Use Case 3: Scraping Dynamic Content
Many modern websites load content via JavaScript. Static scrapers fail here. OpenClaw's browser automation handles this naturally:
{
"action": "open",
"url": "https://catalog.example.com",
"profile": "openclaw"
}
{
"action": "act",
"profile": "openclaw",
"request": {
"kind": "evaluate",
"fn": "() => { return Array.from(document.querySelectorAll('.product')).map(p => ({ name: p.querySelector('.name').textContent, price: p.querySelector('.price').textContent })); }"
}
}
Use Case 4: Testing Web Applications
Automated testing without writing Selenium or Playwright code:
{
"action": "open",
"url": "https://app.example.com/login",
"profile": "openclaw"
}
{
"action": "snapshot",
"profile": "openclaw"
}
Verify login form appears, then test login flow.
Taking Screenshots
Capture visual state for debugging or verification:
{
"action": "screenshot",
"profile": "openclaw",
"fullPage": true
}
Screenshots are returned as attachments. Use fullPage: false to capture only the visible viewport.
Working with Multiple Tabs
OpenClaw supports multi-tab workflows via targetId:
action: "open"targetId to subsequent actions to specify which tab{
"action": "open",
"url": "https://example.com/page1",
"profile": "openclaw"
}
Response includes targetId: "page-abc123". To work with this specific tab:
{
"action": "snapshot",
"profile": "openclaw",
"targetId": "page-abc123"
}
Handling Dialogs
JavaScript alerts, confirms, and prompts can interrupt automation. Use the dialog action:
{
"action": "dialog",
"profile": "openclaw",
"accept": true,
"promptText": "optional text for prompts"
}
Set accept: false to dismiss the dialog.
Advanced Patterns
Waiting for Elements
Sometimes you need to wait for an element to appear after an action:
{
"action": "act",
"profile": "openclaw",
"request": {
"kind": "wait",
"text": "Success"
}
}
This waits for text "Success" to appear on the page.
Hover Actions
Trigger hover menus or tooltips:
{
"action": "act",
"profile": "openclaw",
"request": {
"kind": "hover",
"ref": "e10"
}
}
Drag and Drop
For drag-and-drop interfaces:
{
"action": "act",
"profile": "openclaw",
"request": {
"kind": "drag",
"startRef": "e5",
"endRef": "e12"
}
}
Best Practices
{
"action": "stop",
"profile": "openclaw"
}
Troubleshooting
Element not found: Take a fresh snapshot. Element refs change if the page updates.

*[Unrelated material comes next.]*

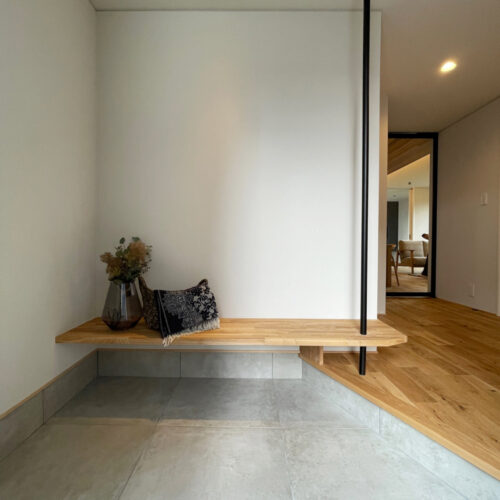  玄関に設けた造作ベンチです。天井まで設けた黒パイプの手摺りがまたお洒落(*^-^*)  玄関ベンチは、腰掛ければ靴の着脱がしやすかったり、外出時の荷物や買い物した荷物を一時的に置いたりと様々な使い方で活躍しそう！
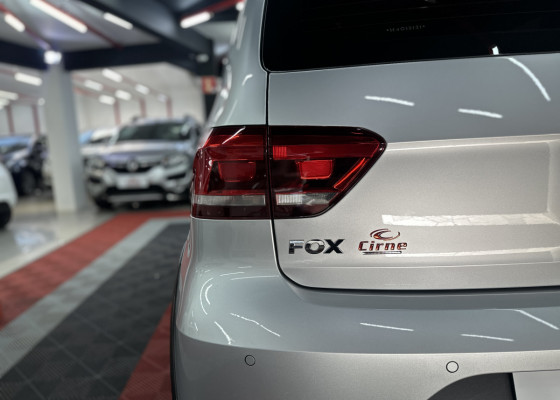 VW - VolksWagen Fox TRACK 1.0 Flex 12V 5p 2017 Flex Flex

Timeout errors: Increase timeout or change loadState to something less strict.
Stale page: Refresh before taking snapshot:
{
"action": "navigate",
"profile": "openclaw"
}
JavaScript not executing: Ensure page is fully loaded before calling evaluate.
Configuration
OpenClaw's browser tool can be configured in openclaw.json:
{
"browser": {
"headless": true,
"defaultTimeout": 30000,
"viewport": {
"width": 1280,
"height": 720
}
}
}
Set headless: false for debugging to see the browser window.
Conclusion
OpenClaw's agent-browser provides a powerful, AI-friendly interface for web automation. By combining snapshots for understanding page state with actions for interaction, agents can automate complex web workflows without writing traditional scraping code.
The key is thinking in terms of: snapshot (understand), act (interact), evaluate (extract). This pattern handles everything from simple form filling to complex multi-step workflows.
Start with simple navigations and snapshots, then build up to more complex interactions as you get comfortable with the element reference system and action types.